La Bête, 1 / Zidrou, Franck Pé

Couverture de l'album
    Les amateurs de bande dessinée connaissent le Marsupilami, sympathique bestiole pourvue d'une interminable queue et d'un caractère facétieux et colérique. Le personnage créé par Franquin, dans ses multiples occurrences et produits dérivés, est toujours amusant et inoffensif, drôle et attendrissant. C'est un tout autre animal qu'ont imaginé Zidrou et Franck Pé, pas moins émouvant, mais diamétralement opposé à l'image de cartoon qu'on a gardé en mémoire. Il débarque au cours d'une nuit noire et pluvieuse de novembre 1955 sur le port d'Anvers, à l'issue d'une longue et tragique traversée au cours de laquelle la cargaison d'animaux exotiques sans doute destinée au trafic s'est entre-dévorée. Il est rescapé d'une véritable tuerie, ce qui pose le personnage d'emblée : dans l'ensemble fidèle au portrait physique qu'en a fait son créateur, Franquin, mais redevenu un animal sauvage...

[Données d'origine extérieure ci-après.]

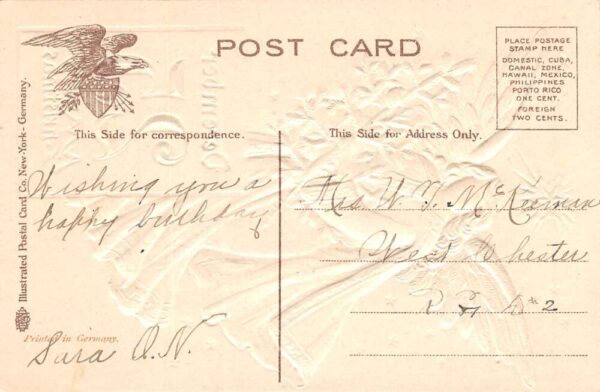 "December 25, A Merry Christmas", Angel With Tree, Vintage Postcard U17894 - Image 2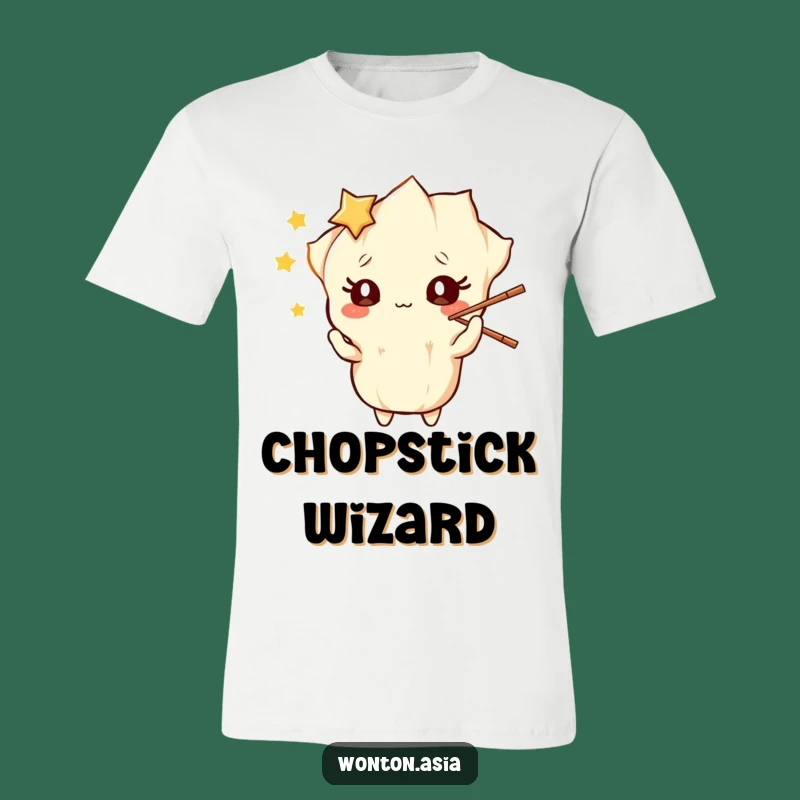 Funny Starry-Eyed Wonton Chopstick Juggling T-Shirt: Wear the Fun!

    Arraché à sa jungle, perdu parmi les hommes, il va croiser la route d'un autre personnage à qui la vie n'a guère fait de cadeau. Le jeune François, ostracisé plus ou moins ouvertement par ses camarades et leurs parents, car fruit des amours de sa mère pour un « boche » pendant la dernière guerre (dont les blessures sont encore mal cicatrisées). Mais François comme Jeanne refusent de céder à la mesquinerie des voisins et à la méchanceté de la vie. François, à chaque coup dur, se trouve un nouvel ami, un animal éclopé à recueillir, malgré les remontrances attendries de sa mère, qui est celle qui fait bouillir la marmite pour tout le petit monde :
« Je commence à en attraper marre, François ! Il n'est pas écrit « Zoo d'Anvers », sur ma devanture ! Une taupe albinos ! Une hulotte idiote ! Une caille sans plumes ! Un vieux matou qui pète tout le temps ! Des salamandres ! Un chien à trois pattes ! La seule chauve-souris diurne au monde ! Un aigle même pas fichu de voler ! Un hérisson couard ! Un dindon qui se prend pour un coq ! Une couleuvre sénile ! Un lièvre à moitié paralytique ! Un cheval de trait alcoolique ! Un couple de ragondins tout le temps en rut ! Il ne manque plus qu'une licorne et notre arche de Noé affichera complet !! »
Cette licorne, ce sera un drôle d'animal, « un enfant en imperméable jaune avec... un lasso ! », « une espèce de léopard mal fichu », le fameux Marsupilami, que François rencontre à l'occasion d'une tempête de plus. « Lange staart » (longue-queue), comme l'appelle le petit garçon qui a un don pour entrer en relation avec les animaux même les plus méfiants. Un maître romantique à la pédagogie novatrice, une mère célibataire farouchement courageuse, des voisins bien-pensants et le contexte fragile de l'après-guerre en Belgique... les ingrédients du drame se mettent en place, pour nous mettre en attente du tome 2 ! « Qu'est-ce qu'on va faire, maintenant ? Je ne sais pas, Marquis. On va commencer par boire tranquillement notre bière et puis... et puis on verra bien ! »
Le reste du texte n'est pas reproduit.